Retard dans les discussions entre Bruno Retailleau et Emmanuel Macron
La rencontre attendue ce jeudi entre le ministre de l’Intérieur et le président, destinée à aborder la situation en Algérie, un sujet de frictions entre Les Républicains (LR) et le gouvernement macroniste, a été reportée. Il convient de rappeler que cette réunion avait été programmée avant l’interview chargée d’accusations effectuée par Bruno Retailleau pour « Valeurs actuelles », rapporte TopTribune.
Bruno Retailleau a déjà pris l’initiative de préparer le terrain avant cet entretien prévu depuis longtemps avec son supérieur. Il critique le macronisme, le qualifiant d’« alimenteur d’impuissance » et comme appartenant presque déjà au passé.
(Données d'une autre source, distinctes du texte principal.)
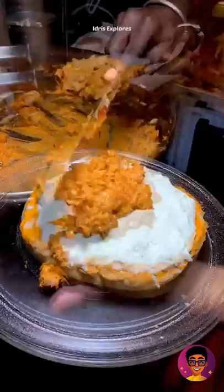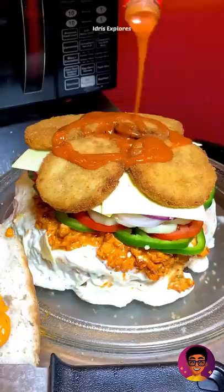This Bahubali shawarma is top size and it's very expensive. You can add mayonnaise, vegetables, cutlets, sauce, and cheese. It's very tasty. You can also share it with your friends.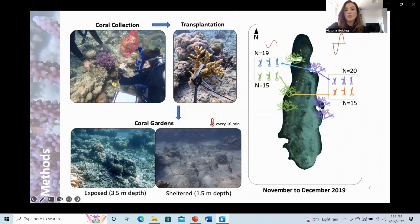Temperature loggers were deployed on each side of the reef at the locations of the coral garden, and measured temperature every 10 minutes.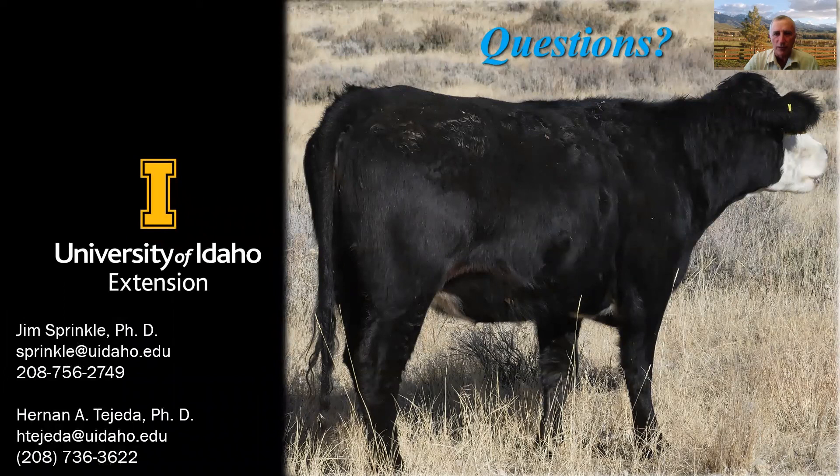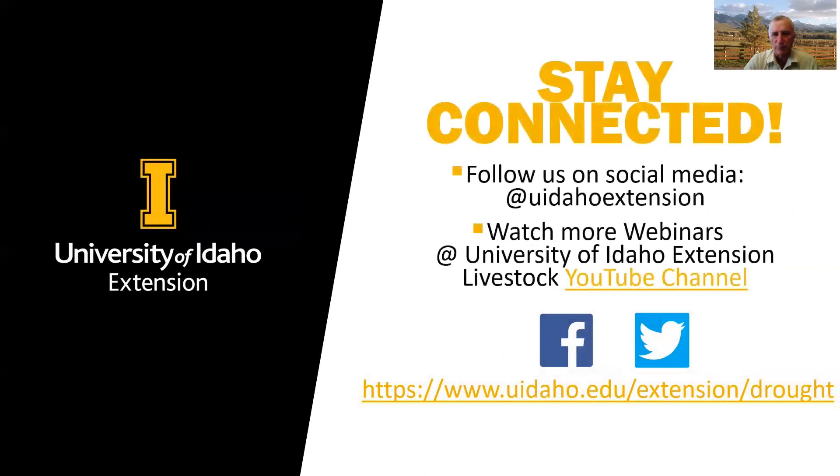I hope this is helpful. If you have any questions, please don't hesitate to contact either myself or Dr. Tejada, and we'll be glad to answer those questions for you. There are other videos on this channel with additional presentations related to drought.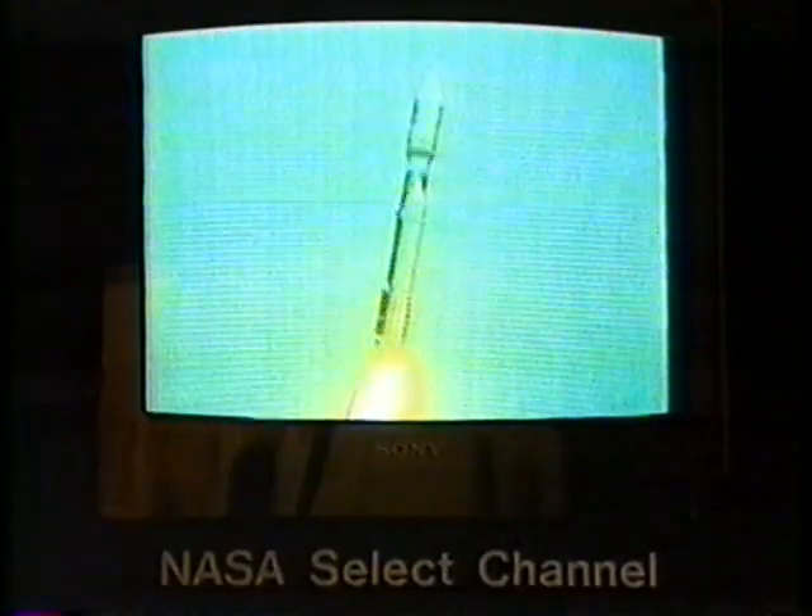For the ASU Halftime Report, I'm Dan Davis. All right, when we come back it's back out to the Rose Bowl in Pasadena for the second half kickoff. Can the Devils hold on to that lead? We'll go with Tim, Mike, and Jeff. Thanks for joining us on the ASU Halftime Report — we'll see you back later on.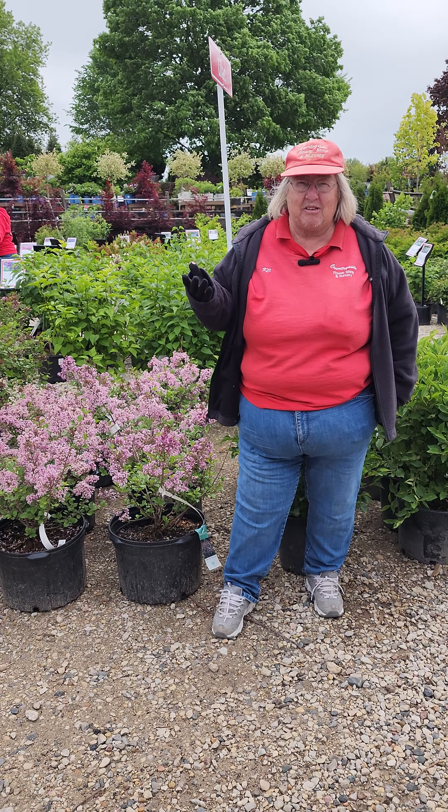They like to be planted where it's very, very sunny. The more sun, the better. No shade on lilac — they don't like shade in the least. They won't flower; they'll probably just be a little bit of a green bush. You've got to be in an area where it's sunny.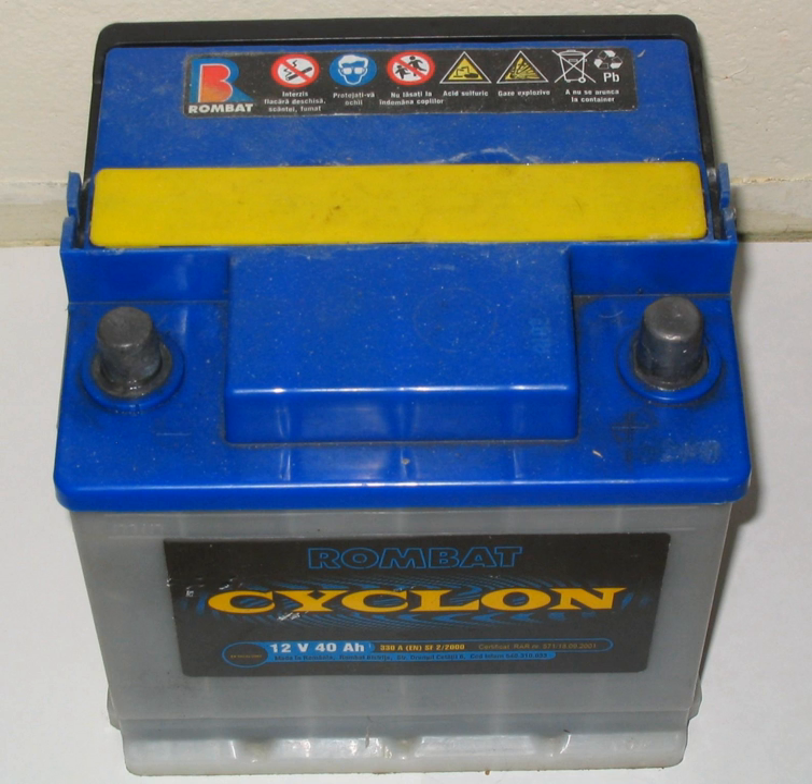An automotive battery is a rechargeable battery that supplies electrical current to a motor vehicle. Its main purpose is to feed the starter, which starts the engine. Once the engine is running, power for the car's electrical systems is supplied by the alternator.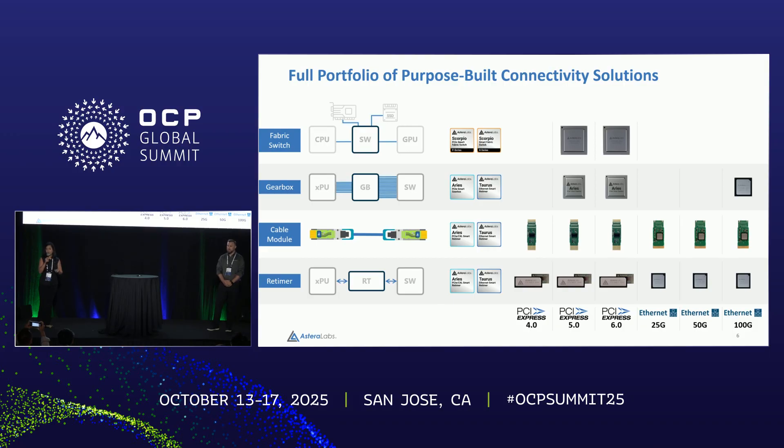Last but not least, our Scorpio AI fabric switches, architected from the ground up to service unique AI workloads and applications. The P-Series particularly services mixed AI head node traffic — GPU to switch, switch to SSD, switch to NIC. The X-Series is a very unique product with larger lane counts, servicing the back-end bottleneck for AI scale-up use cases. With that, I'll hand off the rest of the presentation to Chris Blackburn. Thank you.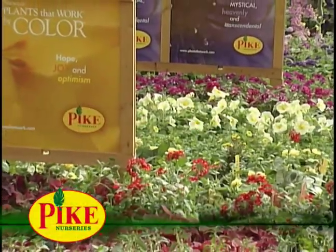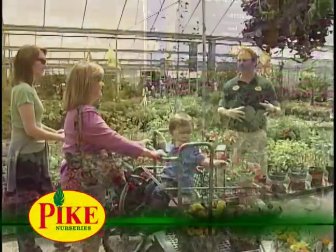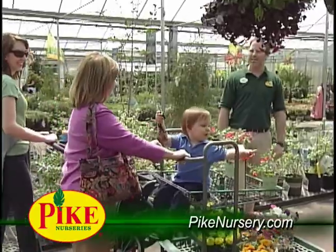Welcome to Spring at Pike Nurseries. Add color to your porch, patio, or deck with Blooming Container Gardens. Our certified plant professionals are happy to help.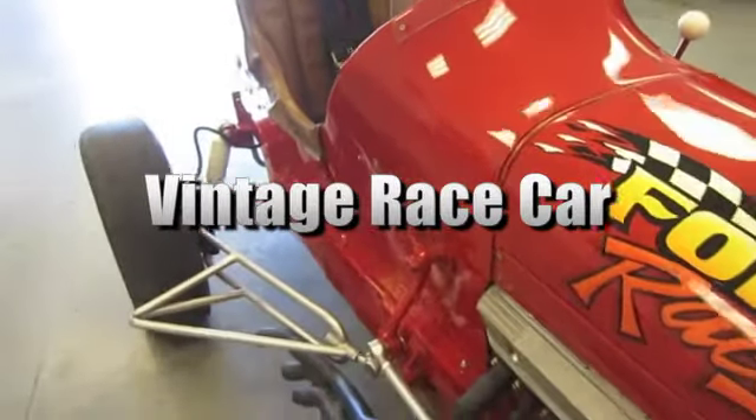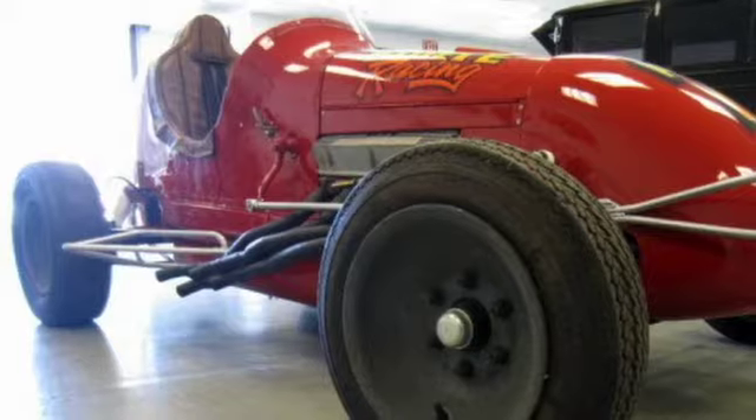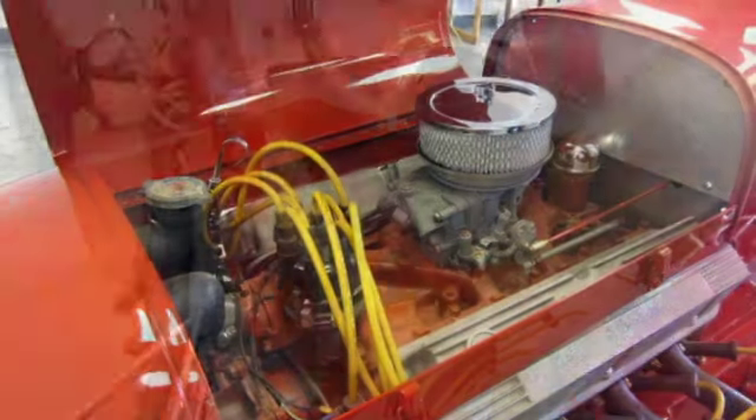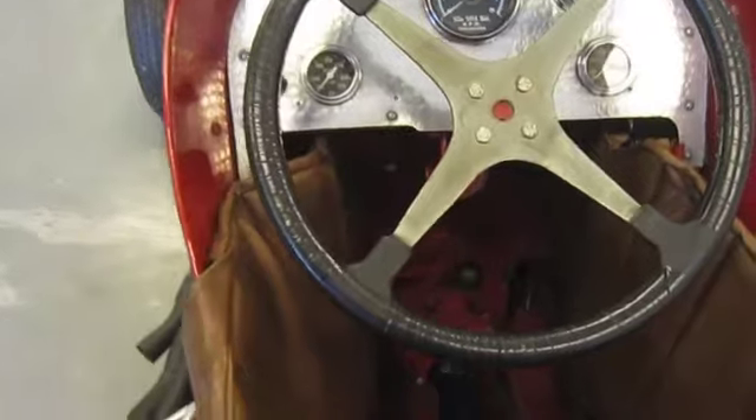You're looking at a fully restored vintage race car. This car comes from a private collection of classic cars and is believed to have been built in 1937. It is currently powered by a 260 Ford V8 engine with a racing in-and-out transmission. There are four-wheel hydraulic brakes, and this unit comes with a tachometer, oil temp, water temp, and pressure gauges.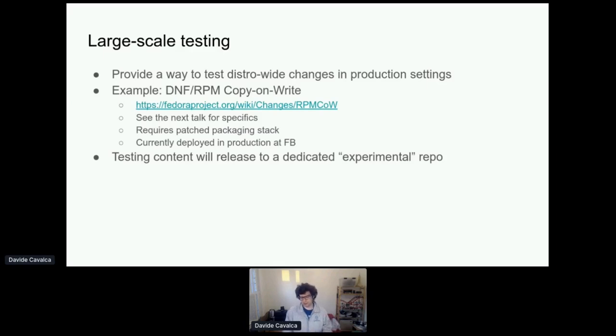These three things — package backports, configurations for lack of a better word, and large-scale testing — are all things we have a fairly good idea of. We already have targeted things we want to do, and we already have people actively working on this. So I'm pretty confident we'll be able to deliver on these three things.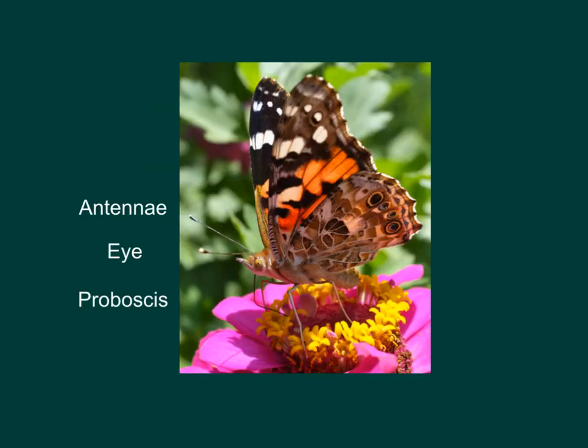A butterfly's head has three special parts that help it survive. On the butterfly's head, there is a pair of antennae. These help the butterfly smell and feel. Butterflies also have large, round eyes that let them see color. This is different from the caterpillar's body, which had smaller eyes that did not see very well. Both the butterfly's eyes and antennae help the butterfly find food, mates, and safe places to lay their eggs.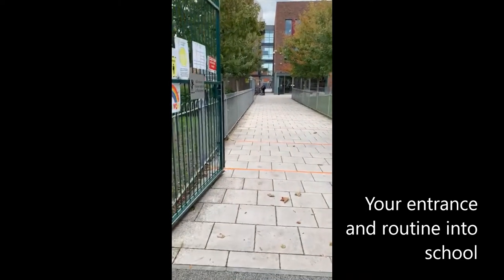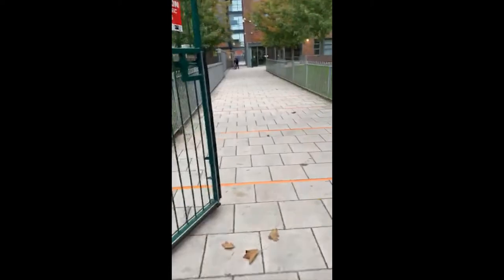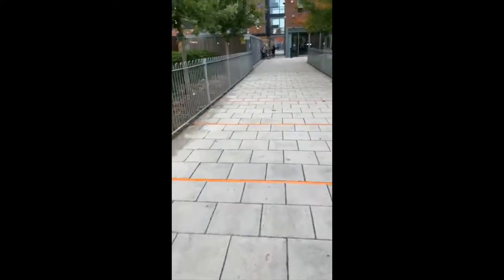Hello Year 11s. This here is the entrance for Year 11 in the morning. You then need to walk along the pathway.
Suite à cette interview, un conseiller LR a observé que les « chiens de garde » d’Emmanuel Macron avaient réagi, ne manquant pas de s’en prendre au ministre de l’Intérieur. Depuis, il semble que Bruno Retailleau n’aura pas l’occasion de s’expliquer avec le président ce jeudi 24 juillet, alors qu’un autre rendez-vous avec le Premier ministre est prévu pour 20 heures.
Pour sa part, le président s’en tient jusqu’ici à un discours énigmatique. Mercredi, en conseil des ministres, il n’a pas directement recadré Retailleau mais a implicitement appelé à la solidarité au sein du gouvernement pour préparer le budget. Il a également évoqué les récentes violences urbaines, signalant que les effectifs de police avaient baissé sous la présidence de Nicolas Sarkozy. Sur ce point, Retailleau acquiesce, ne se sentant donc pas particulièrement visé par les macronistes qui y ont vu des signes de mécontentement du président et une incitation à se concentrer sur ses responsabilités en matière de maintien de l’ordre public.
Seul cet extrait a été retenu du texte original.